In addition to tagging, it is also able to return taxonomy-based categories based on a list of 87 concepts, like faces, food, nature, and abstract.
Using the tags, Computer Vision will generate a description of the image displayed as human-readable text in a complete sentence.
Let’s look at an example:
Pic: Instagrammer @snissenful
Tags
Name | Confidence |
---|
dog | 0.99915123 |
sitting | 0.9753965 |
indoor | 0.9698432 |
black | 0.8994449 |
laying | 0.7277232 |
white | 0.6921732 |
pug | 0.6921732 |
bulldog | 0.11564628 |
Category
Name | Confidence |
---|
animal_dog | 0.98828125 |
Description
Caption | Confidence |
---|
a large black dog lying on the ground | 0.8761196 |
Above are the results returned from Computer Vision for an image of my pug, Jasmine. For the tags, it was able to identify a black and white dog lying indoors. Also, based on the confidence scores returned, it was able to determine the dog is most
likely a pug. It returned the correct category of animal – dog, but the description of “a large black dog lying on the ground” isn’t quite accurate. It should be “a small, portly pug flopping on the couch.”
Faces
Face detection is another feature of Computer Vision. This AI technology provides the ability to detect human faces within images and return the face coordinates as well each person’s gender and age.
Faces
index | age | gender | coordinates |
---|
0 | 52 | Male | top | 167 | left | 558 | width | 65 | height | 65 |
|
1 | 51 | Male | top | 77 | left | 666 | width | 64 | height | 64 |
|
2 | 43 | Female | top | 117 | left | 311 | width | 54 | height | 54 |
|
3 | 34 | Male | top | 69 | left | 149 | width | 52 | height | 52 |
|
4 | 49 | Female | top | 126 | left | 459 | width | 50 | height | 50 |
|
Above are the results returned from Computer Vision for an image of the Far Reach partners. For the faces, it was able to detect all 5 faces of the partners and identify the appropriate gender. The estimated ages were accurate for a couple partners
but the others were off by 10 years…some of us must be aging faster than others.
Colors
Computer Vision can also perceive color schemes using an algorithm that is capable of extracting individual colors from an image. The colors are analyzed in three different contexts: foreground, background, and as a whole. An accent color is extracted
from an image and represents the most visible color to users through a mix of dominant colors and saturation.

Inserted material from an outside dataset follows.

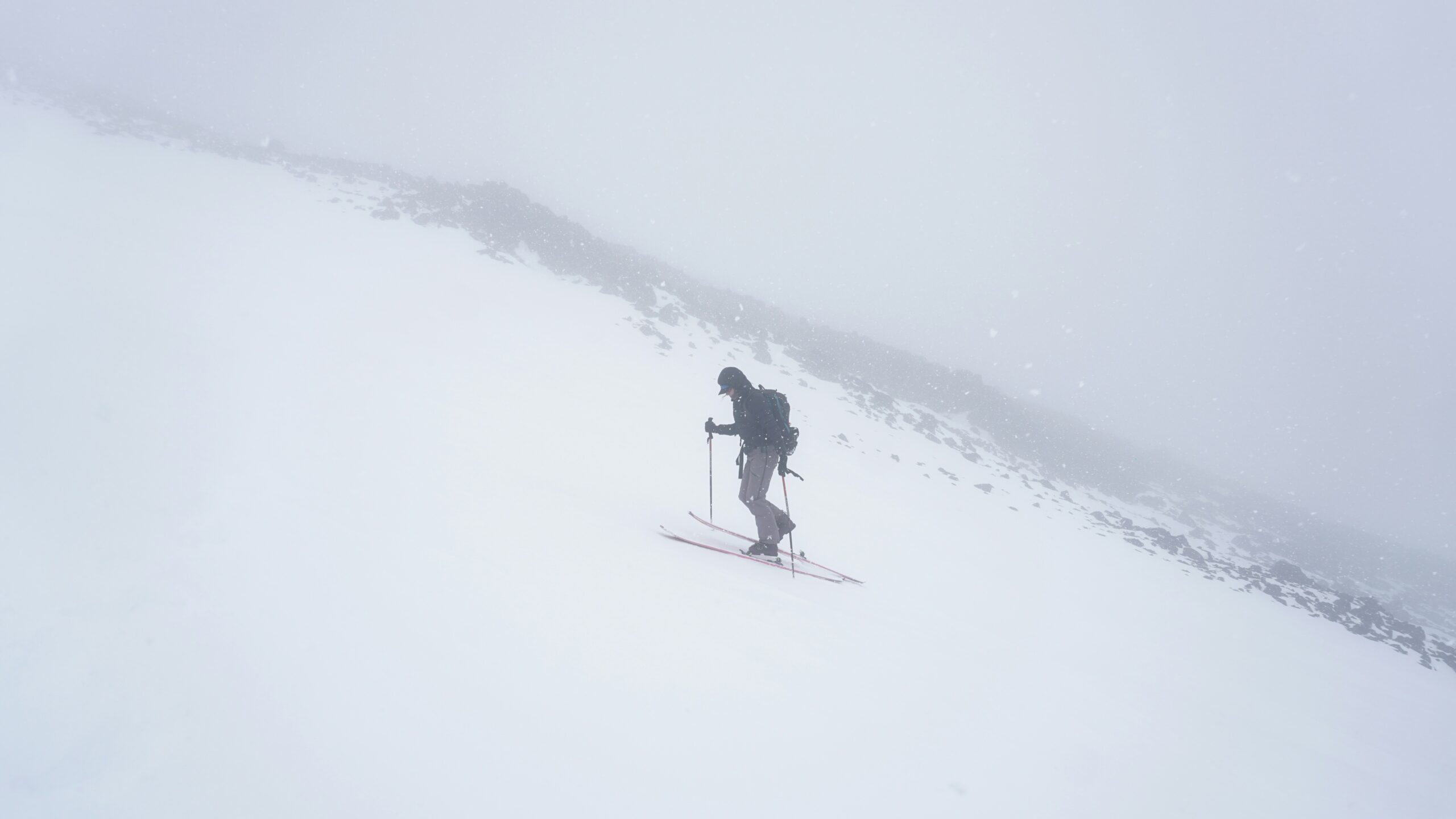 A person walking up a snowy hill on skis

Pic: Instagrammer @snissenful
Tags
Name | Confidence |
---|
plant | 0.964872241 |
flower | 0.942176044 |
red | 0.8848852 |
garden | 0.133545712 |
flora | 0.07647245 |
leaf | 0.0756237 |
Category
Name | Confidence |
---|
plant_flower | 0.85546875 |
Description
Caption | Confidence |
---|
a close up of a flower | 0. 983600438 |
Colors
Dominant color background | |
Dominant color foreground | Red |
Accent color | #C40724 |
In this example, Computer Vision determined a dominant background color of green, a dominant foreground color of red, and an accent color with the hex value of #C40724. Not bad!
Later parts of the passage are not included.